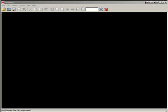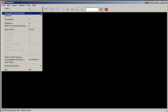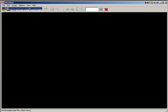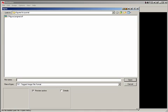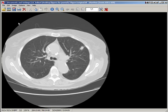IrfanView software is illustrated as one solution to subsequent modification of the resolution and size of the image. First, open the image file, selecting the original image. Now one can begin the manipulation.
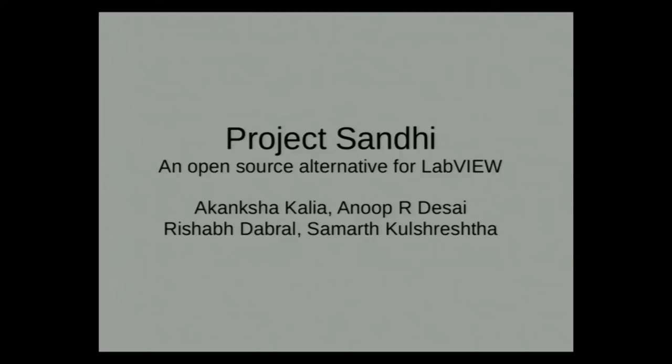Sandhi is a graphical programming language designed for control system simulations and real-time system control. It offers simple abstraction and massive computing ability to the end user. Hello everyone, I am Rishabh from Project Sandhi, a part of the FOSSE team.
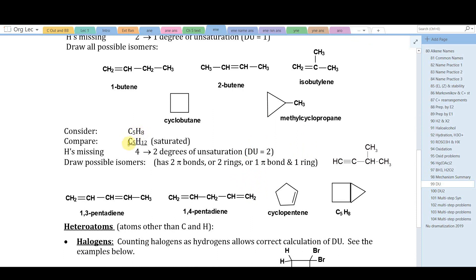For C₅H₈: the saturated acyclic hydrocarbon would be C₅H₁₂. Comparing hydrogens, there are four fewer, and dividing by two gives two degrees of unsaturation — meaning two pi bonds, two rings, or one ring and one pi bond. Possible structures include an alkyne (a triple bond has two pi bonds), a diene like 1,3-pentadiene or 1,4-pentadiene, or cyclopentene with one ring and one pi bond.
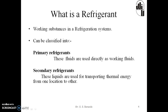The working substance that is used to carry out the refrigeration process is called a refrigerant. Refrigerants can be classified into two types: primary refrigerants and secondary refrigerants. The primary refrigerants are the fluids which are directly used as working fluids, whereas secondary refrigerants are liquids used for transporting thermal energy from one location to another. Fluids suitable for refrigeration purposes are nothing but refrigerants.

****************

**Work required**
Output the listing above exactly, excluding all pictures.

**Answer to this exercise**
IrfanView software is illustrated as one solution to subsequent modification of the resolution and size of the image. First, open the image file, selecting the original image. Now one can begin the manipulation.
Sandhi is a graphical programming language designed for control system simulations and real-time system control. It offers simple abstraction and massive computing ability to the end user. Hello everyone, I am Rishabh from Project Sandhi, a part of the FOSSE team.
For C₅H₈: the saturated acyclic hydrocarbon would be C₅H₁₂. Comparing hydrogens, there are four fewer, and dividing by two gives two degrees of unsaturation — meaning two pi bonds, two rings, or one ring and one pi bond. Possible structures include an alkyne (a triple bond has two pi bonds), a diene like 1,3-pentadiene or 1,4-pentadiene, or cyclopentene with one ring and one pi bond.
The working substance that is used to carry out the refrigeration process is called a refrigerant. Refrigerants can be classified into two types: primary refrigerants and secondary refrigerants. The primary refrigerants are the fluids which are directly used as working fluids, whereas secondary refrigerants are liquids used for transporting thermal energy from one location to another. Fluids suitable for refrigeration purposes are nothing but refrigerants.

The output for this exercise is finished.